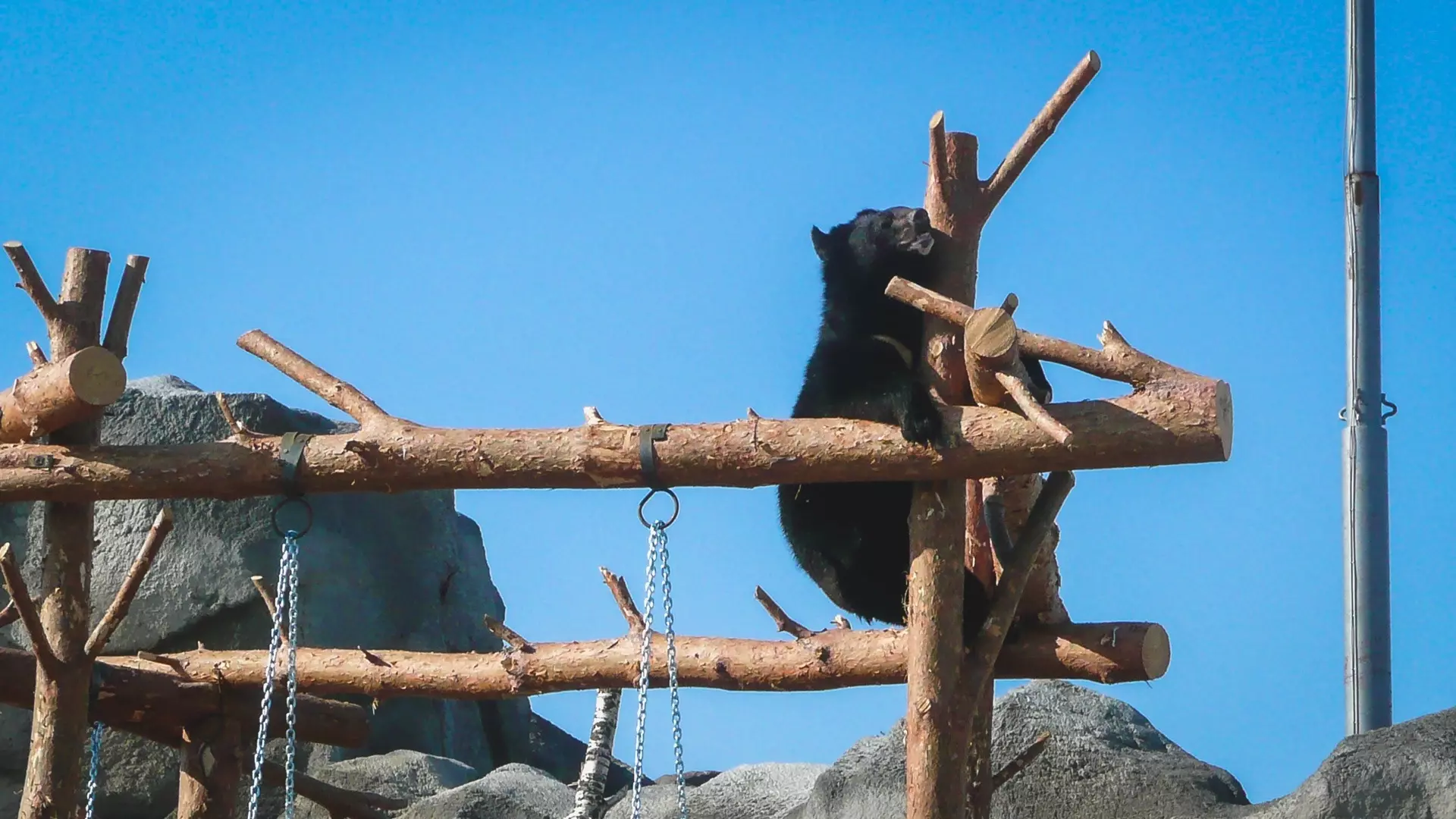 «Аж руки затряслись»: в Тюменской области экскаваторщик раскопал берлогу медведей
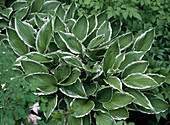 Hosta undulata 'Albomarginata'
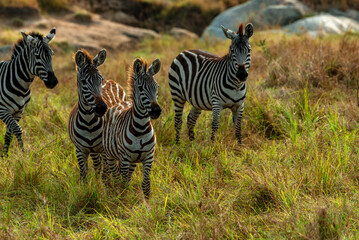 Zebras, Tanzania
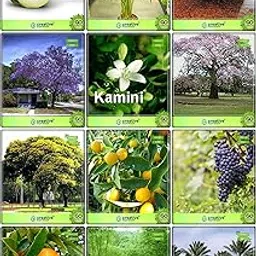 Creative Farmer All Purpose Combo Fruit & Fruit : Lemon Fruit, Grape, Orange, Areca Lutscence, Small Bamboo, Date Palm, Jacaranda Mimosafolia, Flame Tree, Murrayya Exotica, Pride Of India, Yellow Flametree, Lemon Guava For Gardening-picture-16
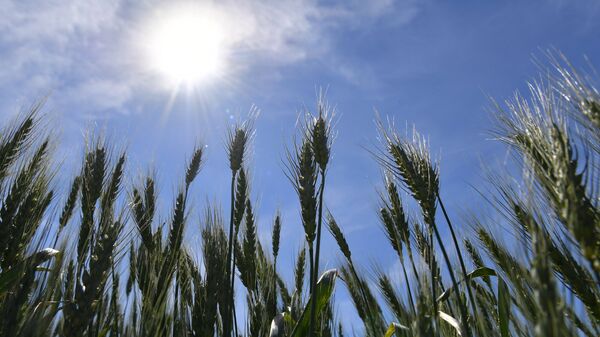 Румыния стала лидером ЕС по экспорту пшеницы, пишут СМИ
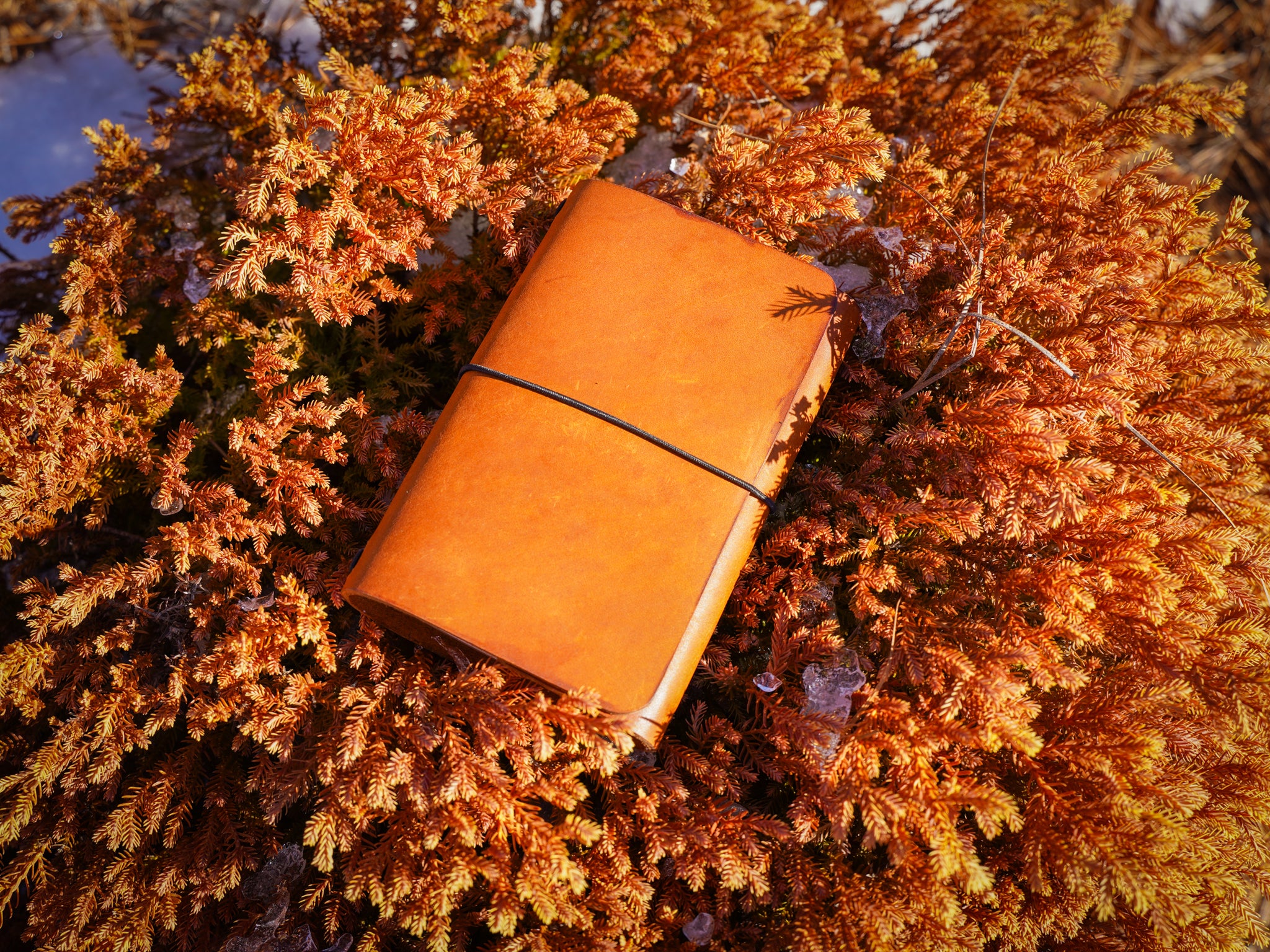 Milwaukee Leather Travel Journal - Natural - Image 11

_Exercise requirements_: The records are to be retyped in full and exactly, with no image carried over.

_Expected output_:
 «Аж руки затряслись»: в Тюменской области экскаваторщик раскопал берлогу медведей
 Hosta undulata 'Albomarginata'
 Zebras, Tanzania
 Creative Farmer All Purpose Combo Fruit & Fruit : Lemon Fruit, Grape, Orange, Areca Lutscence, Small Bamboo, Date Palm, Jacaranda Mimosafolia, Flame Tree, Murrayya Exotica, Pride Of India, Yellow Flametree, Lemon Guava For Gardening-picture-16
 Румыния стала лидером ЕС по экспорту пшеницы, пишут СМИ
 Milwaukee Leather Travel Journal - Natural - Image 11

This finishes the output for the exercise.